Auto-PyTorch: Multi-Fidelity MetaLearning for Efficient and Robust AutoDL


Auto-PyTorch is a framework for automated deep learning (AutoDL) that uses BOHB as a backend to optimize the full deep learning pipeline, including data preprocessing, network training techniques and regularization methods. Auto-PyTorch is the successor of AutoNet which was one of the first frameworks to perform this joint optimization. Since training deep neural networks can be expensive, Auto-PyTorch follows a multi-fidelity optimization approach as supported by BOHB to achieve strong anytime performance. This means it first evaluates training pipelines on cheaper budgets, e.g. with few training epochs, and successively increases the budget using the knowledge from previous budgets to focus on strong pipelines in a parallel manner using a master-worker principle (see Figure 1). Auto-PyTorch then builds ensembles from these trained pipelines to further improve performance, also including traditional machine learning methods, such as gradient boosting or random forests, in these ensembles. To further improve early performance, Auto-PyTorch uses a similar approach to Auto-Sklearn 2.0 and samples the first configurations that are evaluated from a portfolio of configurations that have shown to perform well on test datasets.


Figure 1: Components and pipeline of Auto-PyTorch based on a master-work principle.

To study the effectiveness of multi-fidelity optimization for the AutoDL problem, we performed numerous experiments on LCBench. LCBench is a dataset containing training logs of 2000 configurations on 35 datasets across different budgets, including learning curves for global and layer-wise statistics (e.g. validation accuracy and mean gradient at layer i) and serves as a learning curve benchmark. Figure 2 illustrates the performance of all these configurations across all datasets showing the mean accuracy on the validation set. We find that the performance distribution strongly varies across different tasks. However, there clearly are configurations which perform well across datasets which makes the transfer of well performing architectures via a portfolio to new tasks possible.


Figure 2: Mean validation accuracy of 2000 evaluated configurations across 35 datasets. For better visualization, we sort by mean accuracy/regret along each axis respectively.

We also use LCBench to study the importance of neural architecture and hyperparameters to investigate the importance of jointly optimizing neural architecture and training hyperparameters and how different budgets influence the importances. Figure 3 shows results of an fANOVA as well as a Local Hyperparameter Importance analysis on the data from LCBench at different budgets. We indeed find that both architectural parameters, like the number of layers in an MLP or ResNet, as well as training hyperparameters, like the learning rate, are highly important. Moreover, the importance of the parameters is very similar for different budgets.

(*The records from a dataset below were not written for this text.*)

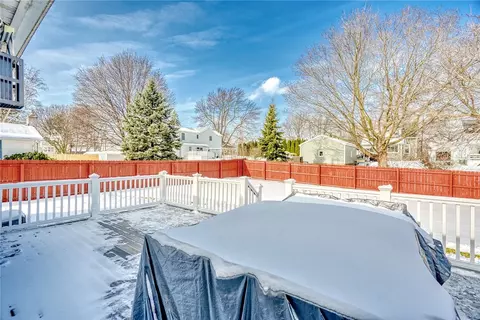 30 Perrigo St, Irondequoit, NY 14609 photo 37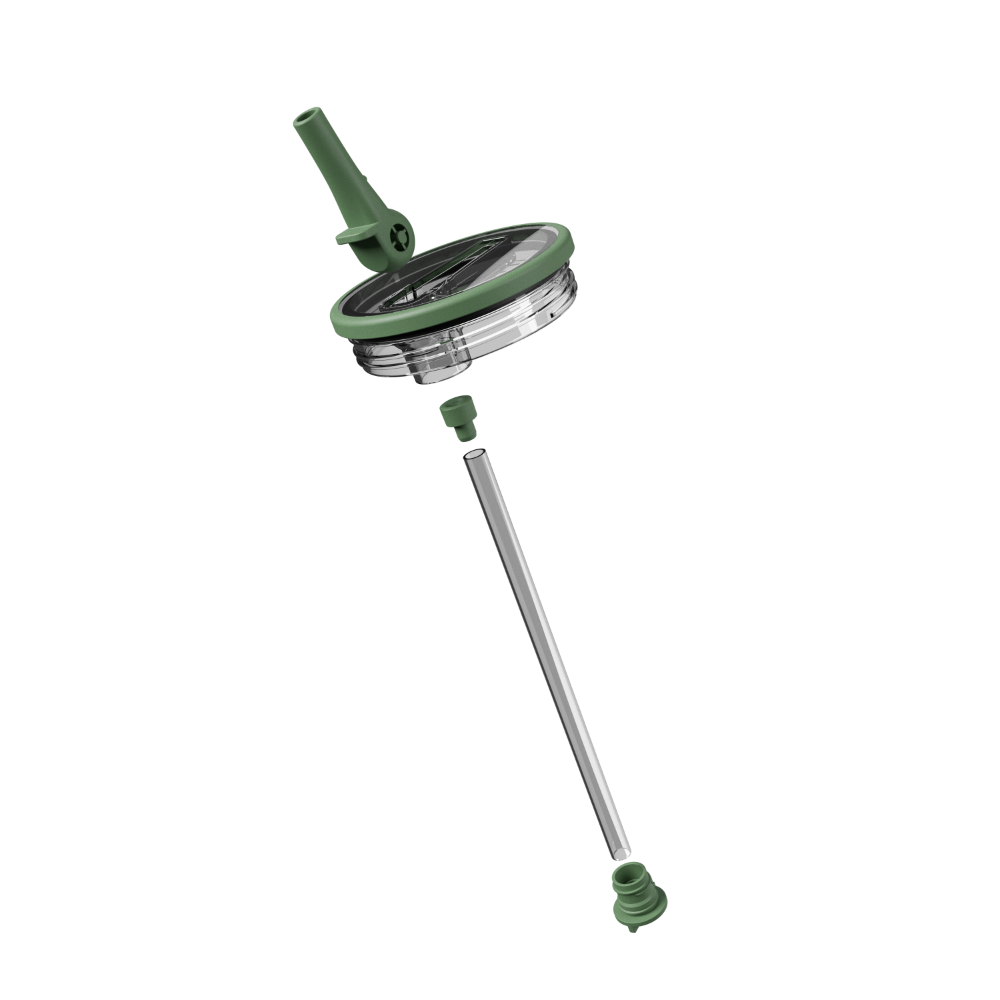 removable-traveler-lid-40oz-v9 Web-Product_Images-Removable_Straw_Lids-Sage-1.png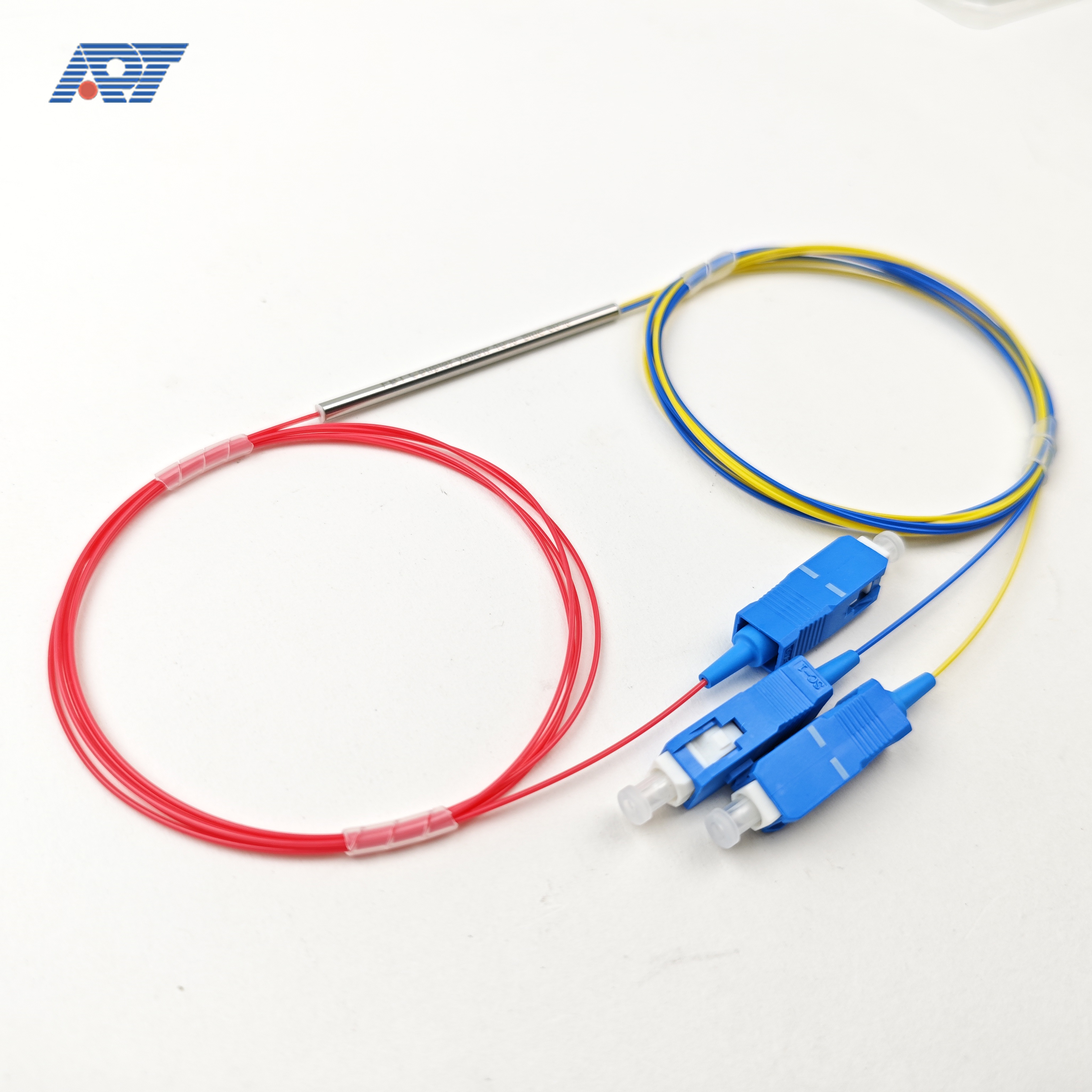 16 ການແບ່ງປັນ Fiber Optic ທີ່ສຳຄັນຂອງ PLC Splitters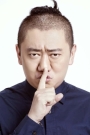 Guo Yiqian Film ve Dizileri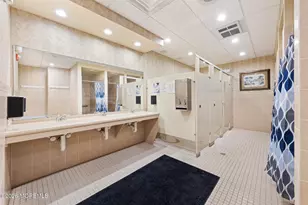 7 Masters Ct, Little Egg Harbor, NJ 08087 - Photo 58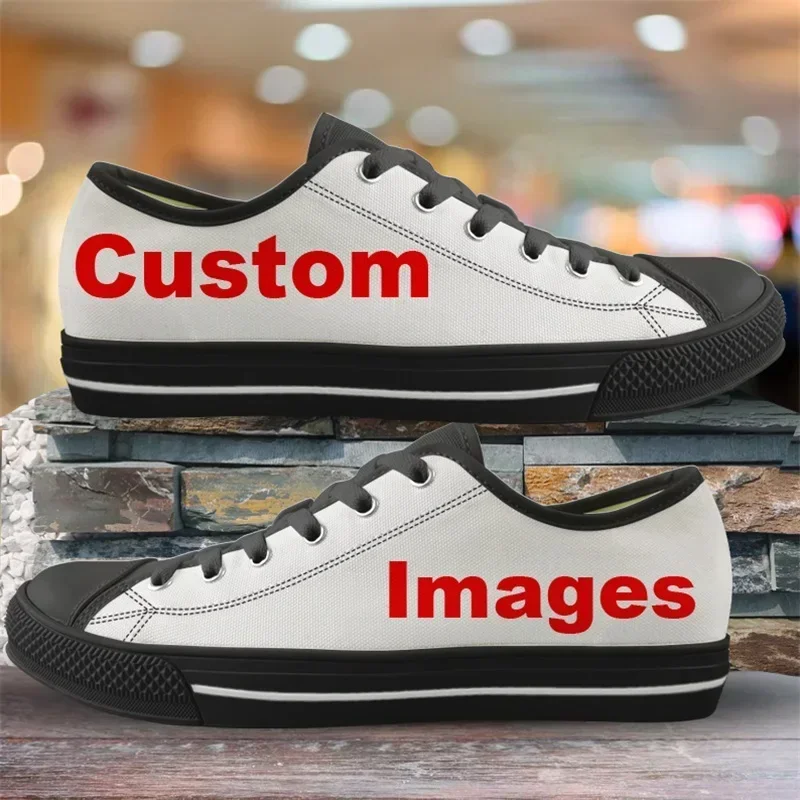 Özel Logo Görüntü Metin Adı Ba - Women Shoes Logo incelemesi ve fiyatı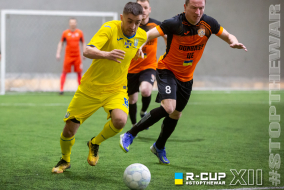 <a href="https://st.getinfootball.com/albums/1081528/64636449375da_1920.jpg" target="_blank">Завантажити оригінал</a>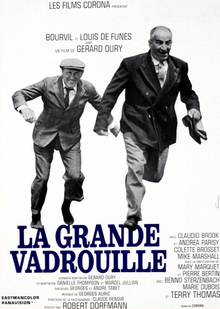 La_Grande_Vadrouille_poster.jpg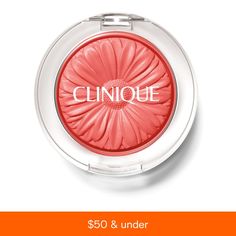 in stock Clinique Cheek Pop, King Power, Makeup Reviews, Fragrance Free Products, Allergies, Skin Tones, Beauty Makeup, Pick Up, In Store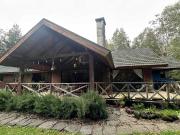 Casa en venta en VILLARRICA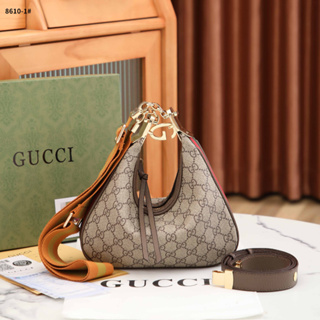 TAS GUCCI 829 – TasBatam168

Figure 3: Hyperparameter importance according to fANOVA (left) and LPI (right) on LCBench.

Finally, we compared Auto-PyTorch to several state-of-the-art AutoML frameworks on different datasets from OpenML when running with the same computational budget for 1h (see Table 1). We find that Auto-PyTorch outperforms or performs equally well on all datasets.

Table 1: Accuracy and standard deviation across 5 runs of different AutoML frameworks after 1h. ”-” indicates that the system crashed and did not return predictions.

Auto-PyTorch combines multi-fidelity optimization for AutoDL with configuration portfolios and ensembling to achieve strong performance. LCBench provides a dataset of learning curves for studying multi-fidelity optimization on different datasets. Both Auto-PyTorch and LCBench are publicly available. We also refer to the paper for further details and experiments.